Sıcak yaz günlerinin en sık karşılaşılan sorunlarından biri olan terleme, bazen günlük yaşamda kabus olabiliyor. Anadolu Sağlık Merkezi Göğüs Cerrahisi Uzmanı Doç. Dr. Altan Kır ise, normal seviyedeki terlemenin aslında çeşitli faydaları olduğuna dikkat çekiyor. Kır, “Terlemeyi normal ve aşırı terleme olarak ayırabiliriz. Normal terlemeyle vücuttan tuz, üre, asit ve çeşitli toksik maddeler atılırken, aşırı terlemenin altında hormon veya metabolizma bozuklukları gibi rahatsızlıklar olabilir” diyor.

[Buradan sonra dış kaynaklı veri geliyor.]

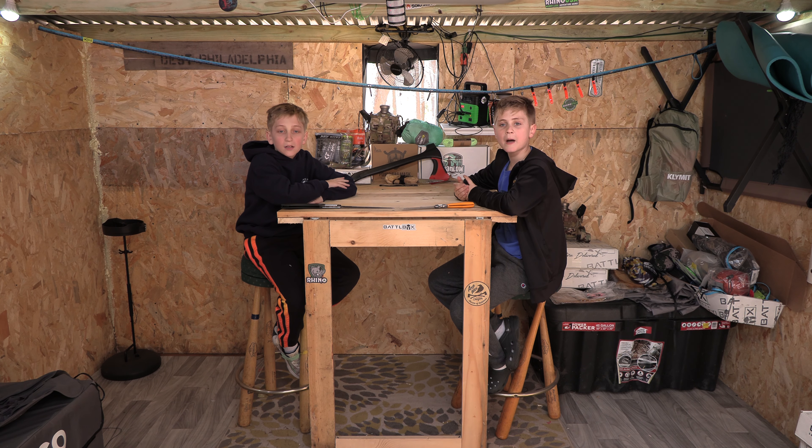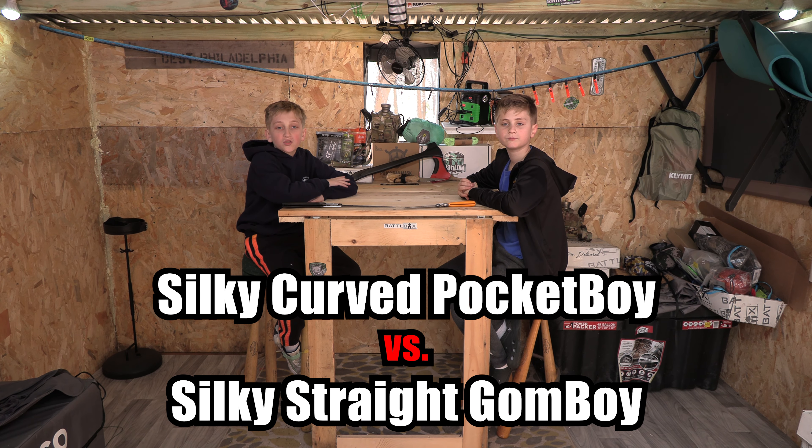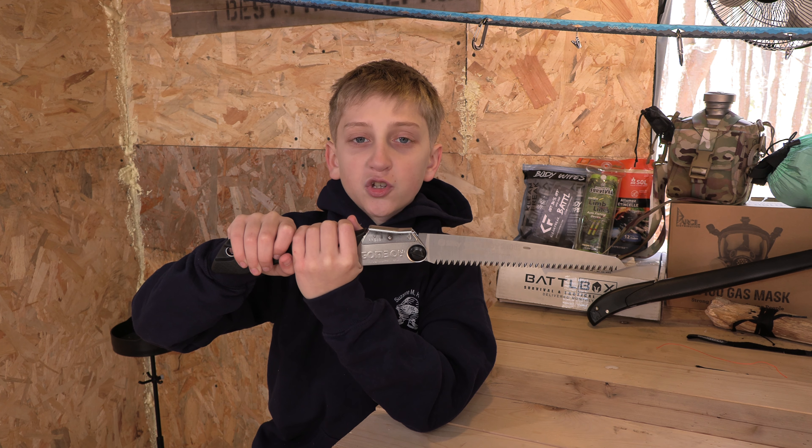Hey guys, Sam and Nathan from the Power Fortress. Today we're going to show you the difference between straight and curved folding saws. You can use either saw for almost anything, but they each have their benefits for different situations.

Özellikle yaz mevsimlerinde herkesin şikayetçi olduğu terleme, çoğu zaman günlük yaşam kalitemizi olumsuz etkileyebiliyor. Normal ve aşırı terleme olarak iki başlık altında ele alınan terleme ile ilgili Anadolu Sağlık Merkezi Göğüs Cerrahisi Uzmanı Doç. Dr. Altan Kır, önemli noktalara değiniyor. Kır, “Normal bir yetişkinde, yaklaşık 2 ila 4 milyon tane ter bezi bulunur ve bunlardan günde ortalama 500 cc civarında ter salınır. Bu salgının temel fonksiyonu vücut ısısının kontrol altında tutulmasıdır. Hava sıcaklığı veya egzersiz gibi nedenlerle vücut ısısında artış olduğunda, salınan terin bir kısmı vücuttan buharlaşarak uzaklaşır ve bu sayede soğutma sağlar. Stresli durumlarda da ter bezleri uyarılır ve vücut ısısında bir artış olmadan terleme artabilir” diyor. Normal terlemeyle birlikte vücuttan su ile birlikte az miktarda tuz, üre, ürik asit ve çeşitli toksik maddelerin atıldığını söyleyen Kır, ter salgısı yapan bezlerin büyük çoğunluğunun kokusuz ve berrak bir sıvı salgılayan ekrin ter bezleri olduğunu dile getiriyor.

Aşırı terleme ruh sağlığını da tehdit ediyor

Terlemenin günlük hayatı etkileyecek kadar aşırı olması durumuna insanların yüzde 1'inde rastlandığını belirten Kır, “Aşırı terleme; genelde el, koltuk altı, yüz ve ayak gibi bir veya birkaç bölgede görülür. Hormon veya metabolizma bozuklukları, enfeksiyonel hastalıklar, psikiyatrik bozukluklar, bazı ilaçların yan etkileri veya aşırı kilo gibi nedenler aşırı terlemeye sebep olabilir. Bu durumda mutlaka altta yatan sorunun tedavisi gereklidir. Terlemeyi önleyici kozmetik ürünler ise terle atılan toksinlerin uzaklaştırılmasını engellediği gibi, ter bezlerinin ağızlarının kapanmasına ve iltihaplanmalarına neden olabilir” diyor.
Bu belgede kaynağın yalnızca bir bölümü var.